Eine kritische Reflexion zum Text von Andreas Fickers

von Ulrike Kühnold

Andreas Fickers spricht in seinem Text „Hands-on! Plädoyer für eine experimentelle Medienarchäologie“ von der experimentellen Medienarchäologie. Er schlägt eine Methode vor, die durch spielerischen und sinnlichen Umgang mit technischen Objekten neue Einblicke in die Medien- und Technikgeschichte eröffnet. Kern dieser Methodik ist das „Re-enactment“, bei dem historische Medienpraktiken durch das Nachstellen realer Nutzungssituationen rekonstruiert werden. Ziel ist es, die Materialität und performative Dimension technischer Objekte nicht nur zu analysieren, sondern durch direkten Umgang zu erfahren. Dies soll die Reflexion über Funktionalität, Semantik und symbolische Bedeutungen historischer Objekte fördern und neue Erkenntnisse über vergangene Medienpraktiken generieren. Obwohl dieser Ansatz innovative Perspektiven eröffnet, wirft er auch Fragen hinsichtlich seiner praktischen Umsetzbarkeit, erkenntnistheoretischer Rahmen und methodischen Abgrenzung auf.

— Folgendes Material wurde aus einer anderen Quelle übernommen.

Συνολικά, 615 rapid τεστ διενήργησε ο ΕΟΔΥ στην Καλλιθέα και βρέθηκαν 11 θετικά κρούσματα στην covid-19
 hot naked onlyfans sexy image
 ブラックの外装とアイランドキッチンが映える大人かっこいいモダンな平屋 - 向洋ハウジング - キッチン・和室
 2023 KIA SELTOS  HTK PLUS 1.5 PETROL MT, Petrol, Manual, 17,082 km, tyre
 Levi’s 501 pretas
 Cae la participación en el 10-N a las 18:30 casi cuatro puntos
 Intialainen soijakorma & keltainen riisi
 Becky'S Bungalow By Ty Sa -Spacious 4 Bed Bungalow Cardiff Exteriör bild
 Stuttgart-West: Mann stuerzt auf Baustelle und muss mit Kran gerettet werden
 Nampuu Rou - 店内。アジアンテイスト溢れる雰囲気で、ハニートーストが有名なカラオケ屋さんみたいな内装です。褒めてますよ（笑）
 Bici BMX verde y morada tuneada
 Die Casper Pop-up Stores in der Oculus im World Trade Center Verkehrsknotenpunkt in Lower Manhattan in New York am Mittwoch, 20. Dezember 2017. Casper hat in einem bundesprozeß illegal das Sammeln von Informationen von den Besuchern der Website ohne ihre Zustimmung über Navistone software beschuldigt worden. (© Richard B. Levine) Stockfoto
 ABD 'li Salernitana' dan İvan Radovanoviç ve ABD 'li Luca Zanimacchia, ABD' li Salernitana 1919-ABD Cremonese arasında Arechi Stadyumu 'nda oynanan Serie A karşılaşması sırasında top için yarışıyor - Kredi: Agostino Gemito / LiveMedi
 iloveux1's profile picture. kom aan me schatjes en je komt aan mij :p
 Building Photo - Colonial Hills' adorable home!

Andreas Fickers weist auf Forschung von Wanda Strauwen hin. Sie plädiert für eine „Entauratisierung“ technischer Objekte, um diese nicht nur als historische Objekte zu behandeln, sondern als interaktive Forschungsgegenstände. Durch den experimentellen Umgang sollen Erkenntnisse über die räumlich-zeitlichen Bedingungen und das Handlungswissen gewonnen werden, die aus der Nutzung solcher Objekte resultieren. Der Ansatz will nicht nur die historische Interpretation vertiefen, sondern auch neue Methoden und Werkzeuge für das Lehren und Verstehen der Mediengeschichte bereitstellen. Trotz der Innovation des Ansatzes wirft er jedoch kritische Fragen auf.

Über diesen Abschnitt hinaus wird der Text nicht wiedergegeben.